Sixteen-year-old Ivy’s world is in flux. Her dad has moved out, her mother is withdrawn, her brother is off at college, and her best friend, Anna, has grown distant. Worst of all, Ivy’s body won t stop expanding. She’s getting taller and curvier, with no end in sight. Even her beloved math class offers no clear solution to the imbalanced equation that has become Ivy s life.
Everything feels off-kilter until a skipped meal leads to a boost in confidence and reminds Ivy that her life is her own. If Ivy can just limit what she eats the way her mother seems to she can stop herself from growing, focus on the upcoming math competition, and reclaim control of her life. But when her disordered eating leads to missed opportunities and a devastating health scare, Ivy realizes that she must weigh her mother’s issues against her own, and discover what it means to be a part of and apart from her family.
This Impossible Light explores the powerful reality that identity and self-worth must be taught before they are learned. Perfect for fans of Laurie Halse Anderson and Ellen Hopkins.”
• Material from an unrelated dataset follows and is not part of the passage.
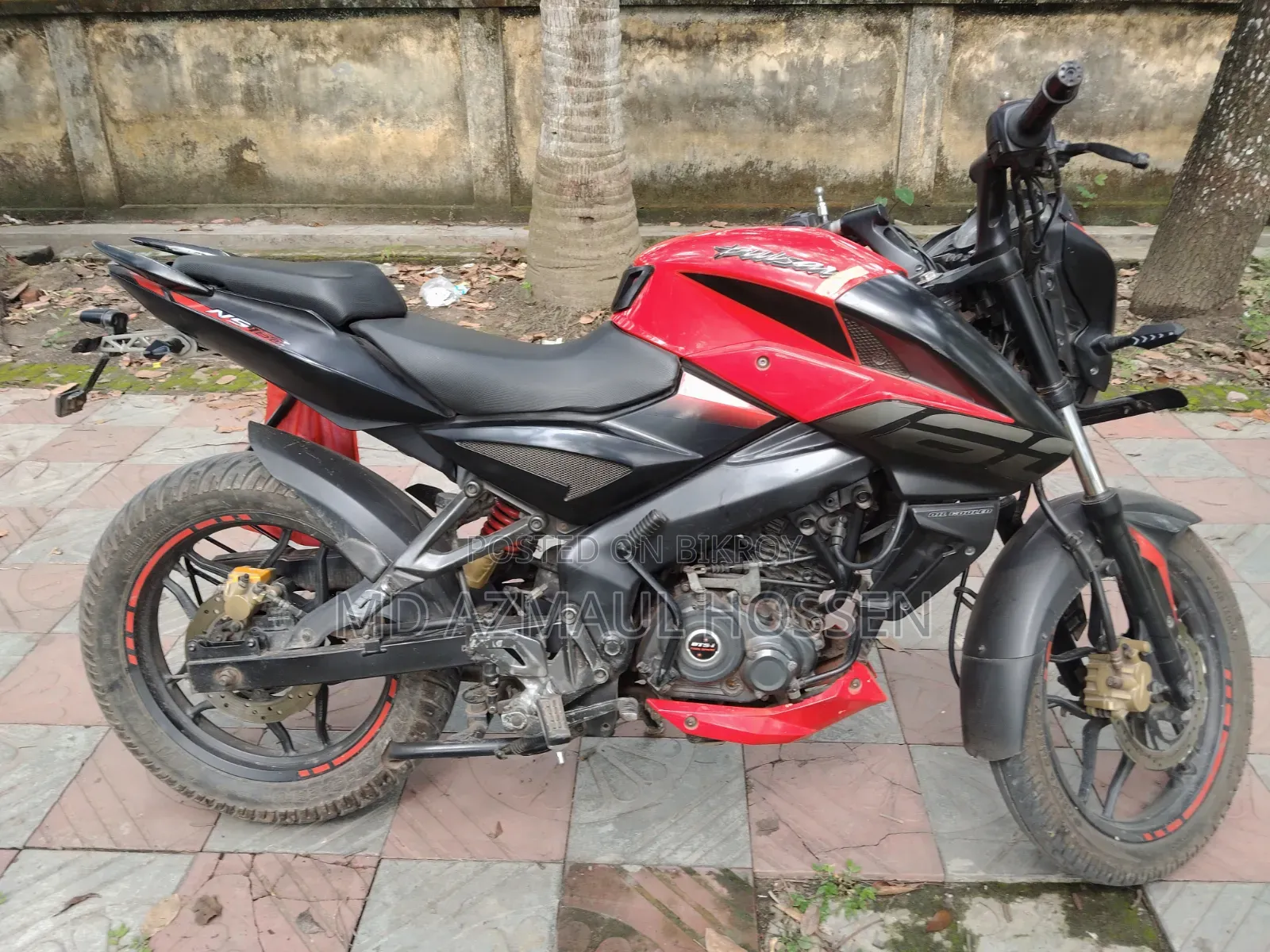 Bajaj Pulsar NS 160 2020 Red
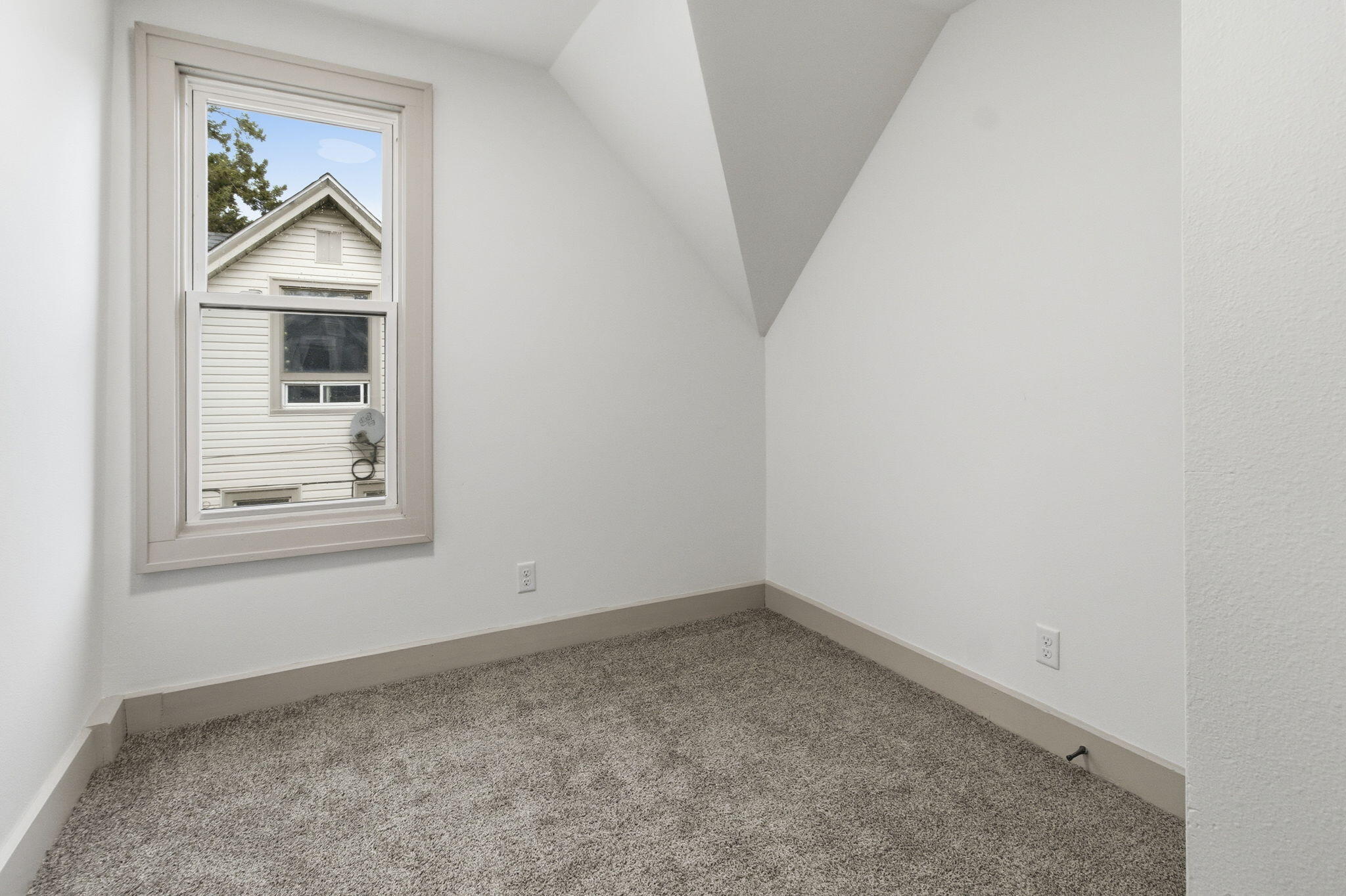 1206 Carlisle Avenue Racine, WI 53404 - Photo 20 of 34 25-web-or-mls-IMG_8294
*Book Received in Exchange for Honest Opinion/Review*
Heavy, dense, thought-provoking, and hauntingly accurate, Lily Myers takes a look into the dramatic, ugly, and damaging world of eating disorders. The verse is elegant and powerful, and the story line will draw you in. If you are looking for a light read, this book is not your book. This book is a lot, and I will even admit that I had to read it with breaks because it will bring you down before it lifts you back up.
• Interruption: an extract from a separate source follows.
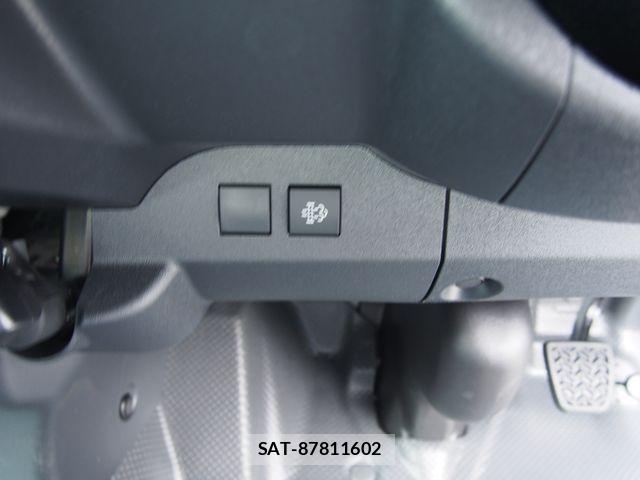Toyota HIACE VAN 2026-05 7219396-16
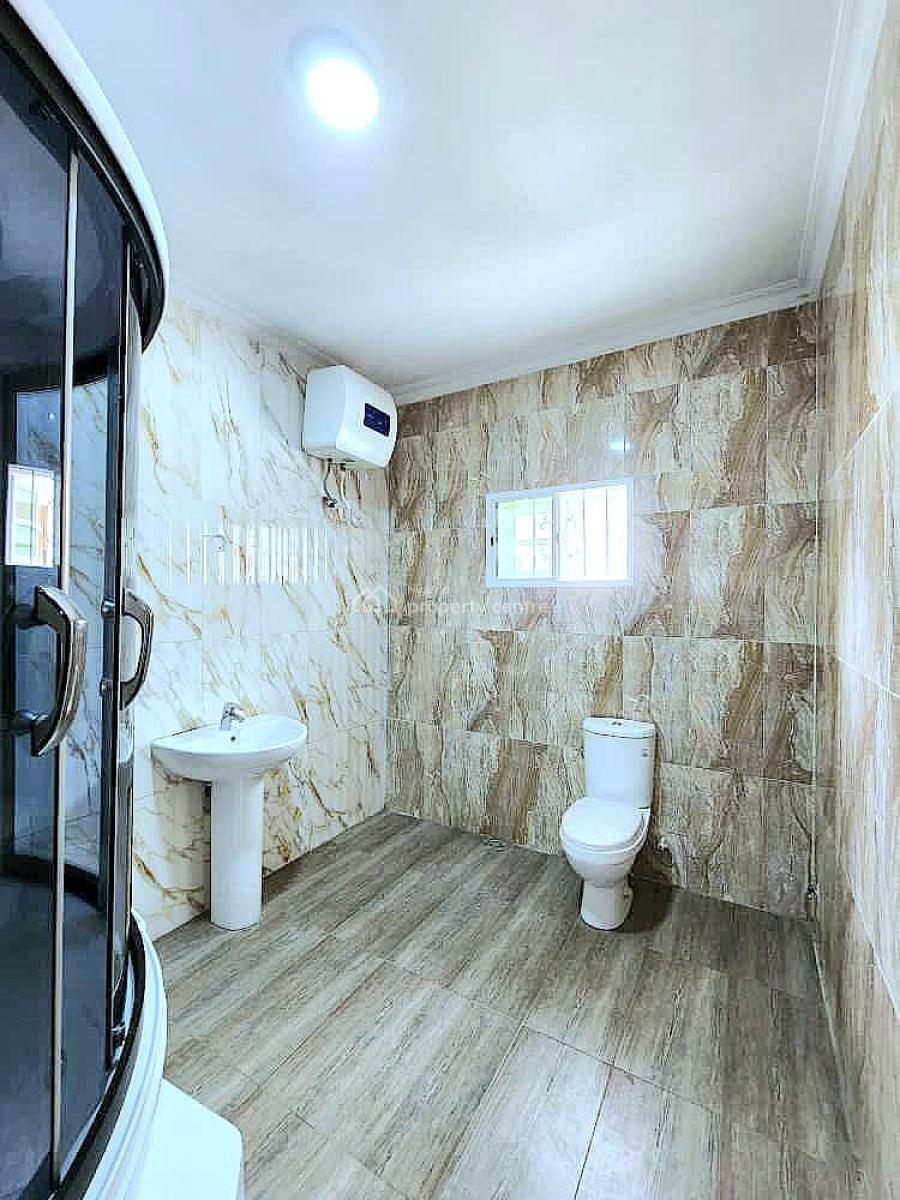 Luxurious 5bedrooms Fully Detached Duplex with 2bqs, Northen Foreshore Chevron, Lekki, Lagos, Detached Duplex for Sale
Lily Myers painfully captures eating disorders to a T. From the need for control, to the downward spiral, to the daily battle to just try. As someone who has struggled with an eating disorder, this book is the truth. No matter how sad, and heart-breaking it is, its a daily battle and struggle. The inner demons that Ivy struggles should resonate among all women who have ever looked in the mirror and struggled with the reflection they saw staring back at them. It is also a chilling reminder that while Ivy was battling so many demons, those who loved her most couldn’t even tell. She wore her mask well, and as a result left me with my emotions raw.
This book is weighing heavily on my soul, but as I close the last page, I am feeling one last remaining emotion, hope. I feel comfort knowing Ivy is attempting to find resolution in life, and knowing that it is okay to relinquish some of the control, if only for a little bit.